** Opening SUPPLIED RECORDS block **

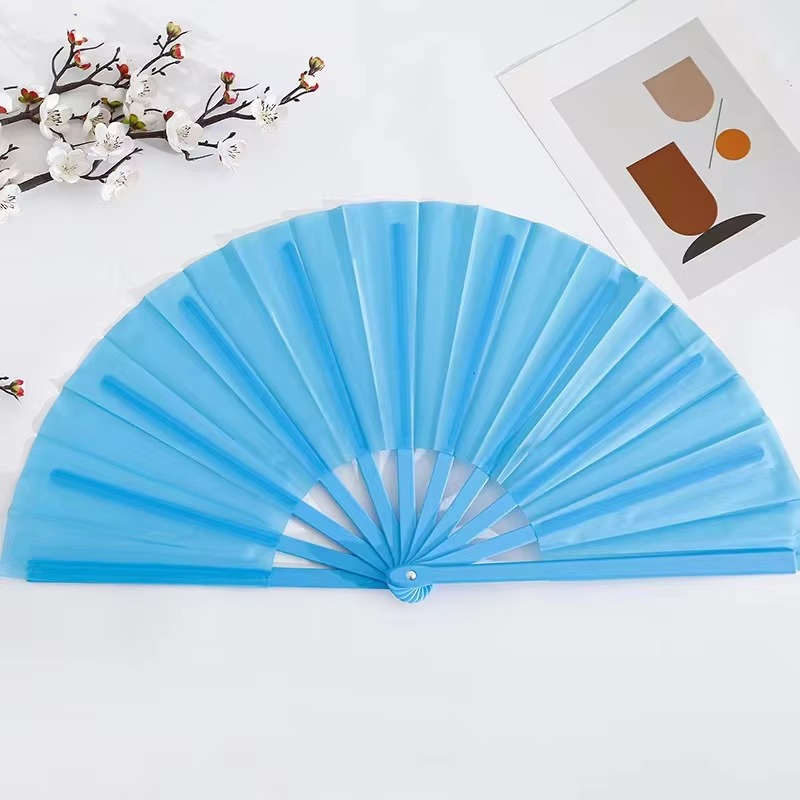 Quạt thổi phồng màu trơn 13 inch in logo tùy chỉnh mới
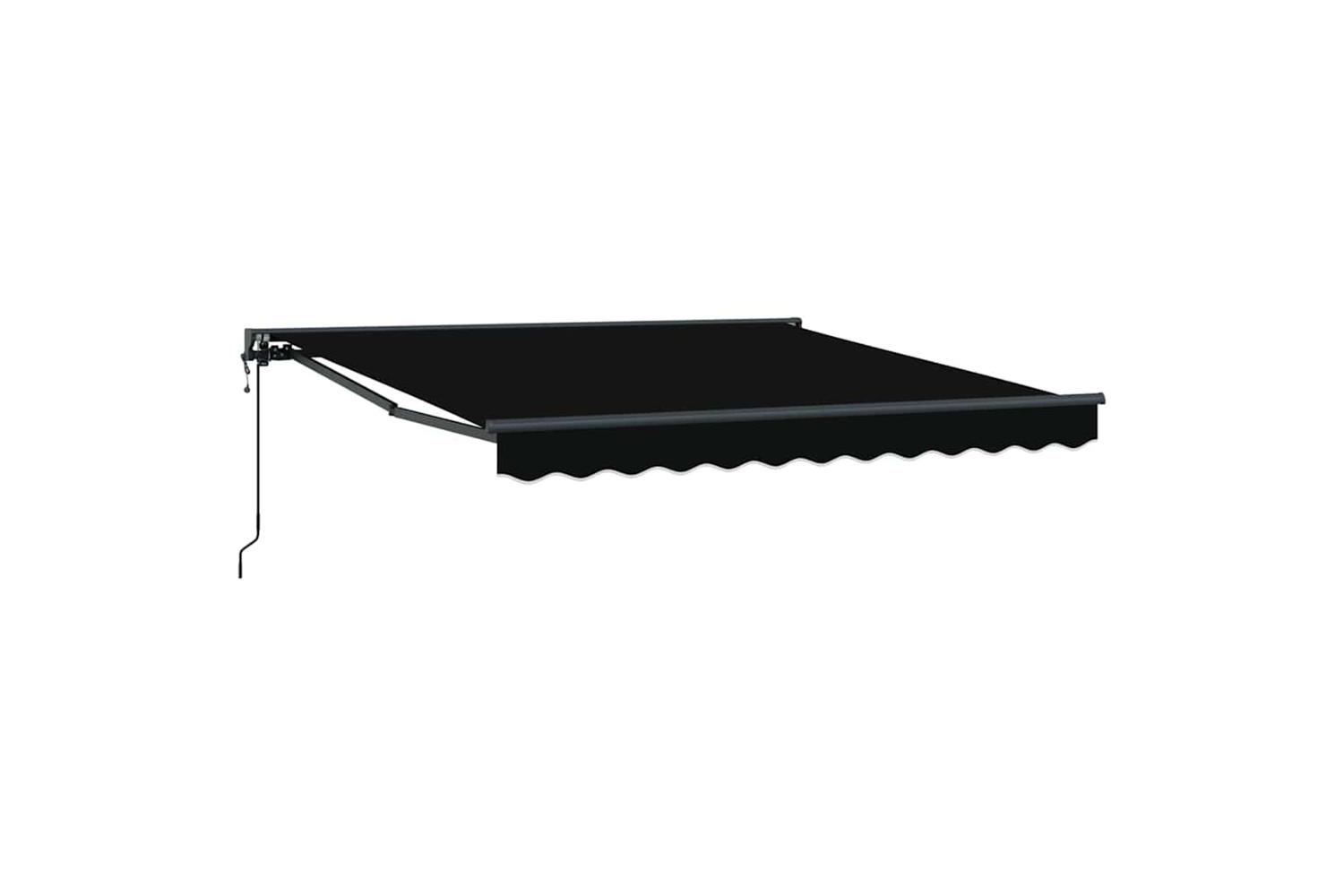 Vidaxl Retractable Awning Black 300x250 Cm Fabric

** Closing SUPPLIED RECORDS block **
** Opening SUPPLIED RECORDS block **

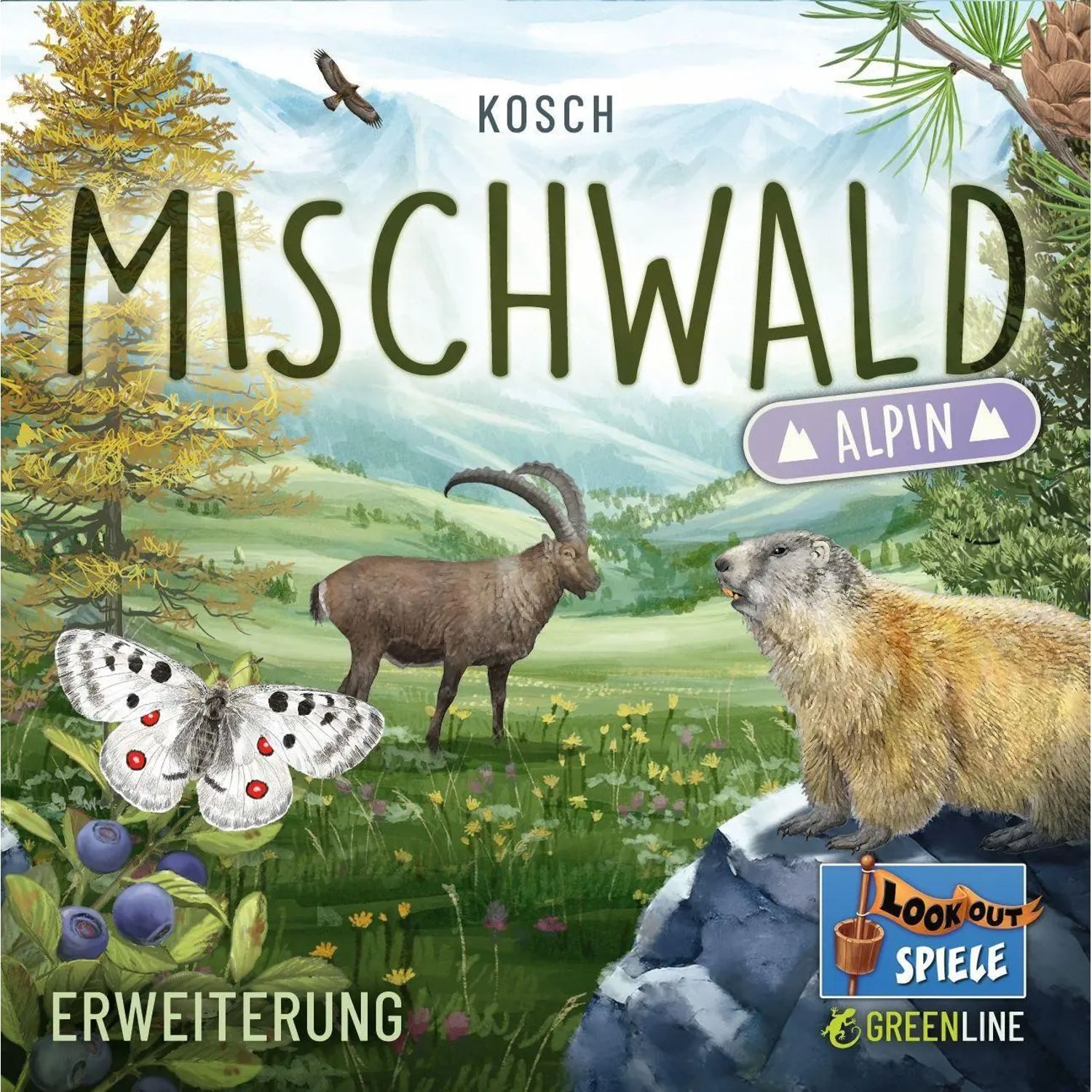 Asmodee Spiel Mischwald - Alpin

** Closing SUPPLIED RECORDS block **
** Opening SUPPLIED RECORDS block **

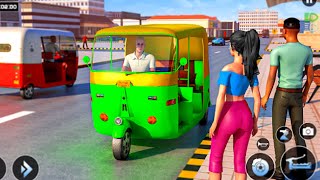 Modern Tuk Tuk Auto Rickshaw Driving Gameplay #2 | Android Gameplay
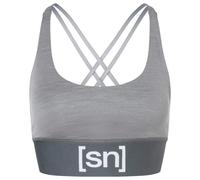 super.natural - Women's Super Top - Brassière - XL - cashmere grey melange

** Closing SUPPLIED RECORDS block **

WHAT IS BEING ASKED:
What's needed is an exact copy of the records above from the line containing "Quạt thổi phồng" down to the line containing "Vidaxl Retractable Awning", both included, without any pictures.

TASK SOLUTION:
 Quạt thổi phồng màu trơn 13 inch in logo tùy chỉnh mới
 Vidaxl Retractable Awning Black 300x250 Cm Fabric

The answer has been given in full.